Teachers usually don’t have the best reputation. Partially because most people suffered from bad teachers at school in some way or another. But even more so because of the people you meet at university who study to be teachers are in large parts not the brightest lights. Of course some of them are good and have the potential to become good teachers. But they seem to be a minority.

Many of the others seem to be people who don’t really care about at least one of their subjects (you have to study for two subjects to become a teacher in Germany) and aren’t good at it either. How should someone who didn’t understand things properly himself be able to pass that on later in class? Badly, I’d say. It will end up being a bunch of factoids served to the kids to remember for the test rather than something they actually learn and that can be inspiring.

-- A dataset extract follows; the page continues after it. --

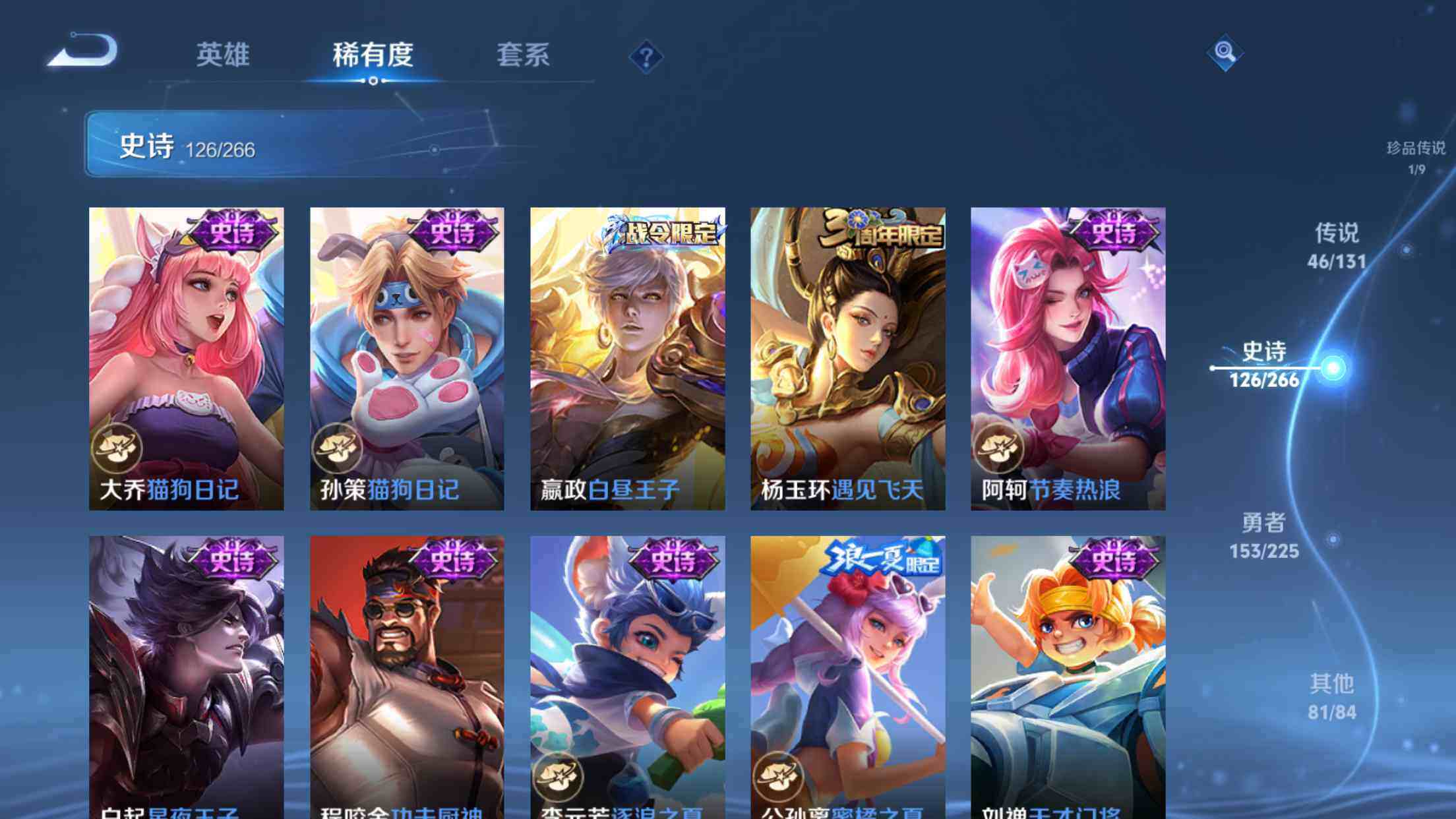 WZXS3385215王者荣耀账号详情图21 WZXS3385215王者荣耀账号详情图21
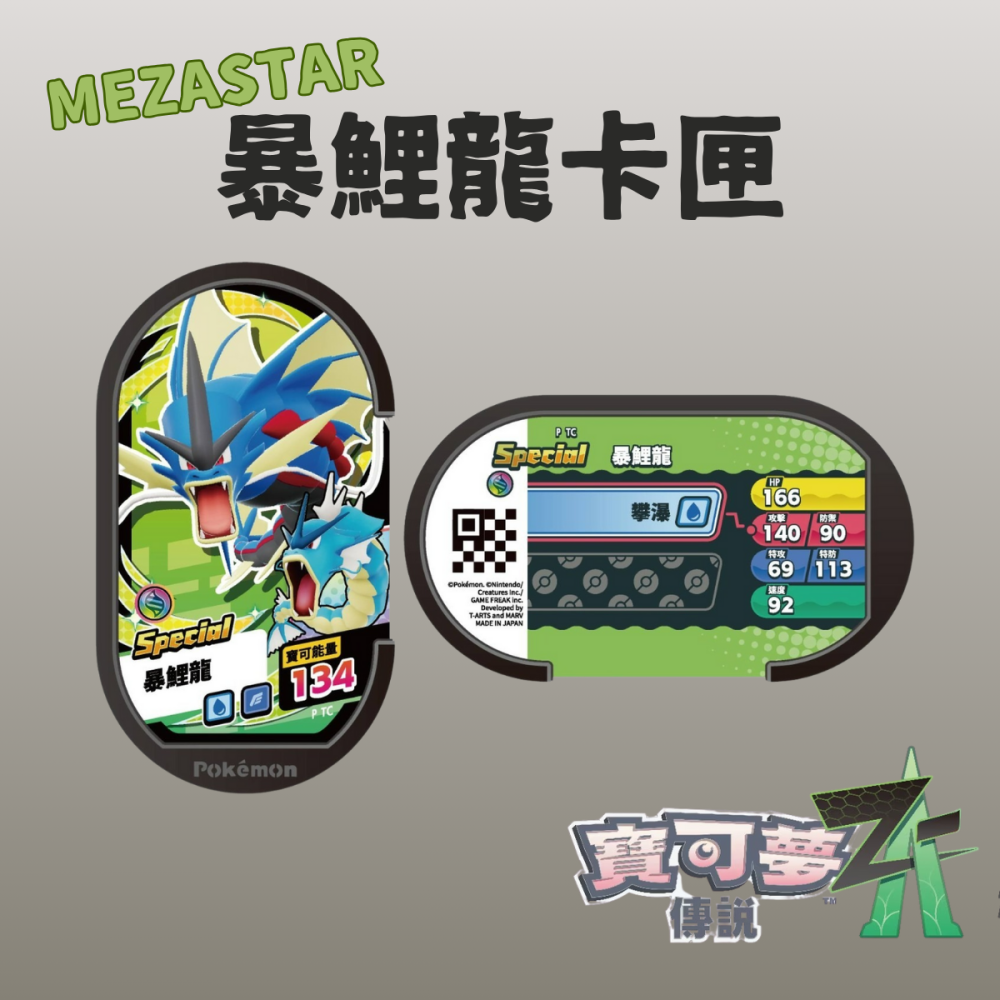 現貨 【Pokemon MEZASTAR】Ga-Ole 特別活動卡匣 寶可夢ZA 機台遊戲 暴鯉龍 【台中星光電玩】-細節圖2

And it seems in many cases that this doesn’t happen because studying a subject turns out to be harder than expected or because people become disillusioned. Rather, quite a few pick a subject they don’t like, aren’t able to cope with and don’t care about from the beginning – because it increases their chance of finding a job, say – and then just sit through their lectures, cramming for exams and just passing. They don’t give a shit. They’re not interested in anything but a job with decent pay and good holidays. (I know that once class preparation and marking are taken into account, teaching at school can be a very stressful job – but the people I’m talking about aren’t the ones who’ll let that stress come to them.)

Anyway, this afternoon I overheard a bit of a conversation before remembering that I should submit myself to the iPod’s reality improvement field. And there was one teacher student who just didn’t seem to care for anything. Her friend was telling about how people in cultural studies were living in Africa for years, trying to get an idea about some old cultures. Or about other people going to polar regions… and guess what she was not impressed at all. The only reaction was a shrugging ‘who’d want to do that’. Not a somewhat reasonable ‘not my type of thing’ but what looked like a complete lack of understanding why anyone would be prepared or even eager to do these slightly uncomfortable things.

With that degree of enthusiasm and open-mindedness what will classes with this teacher look like?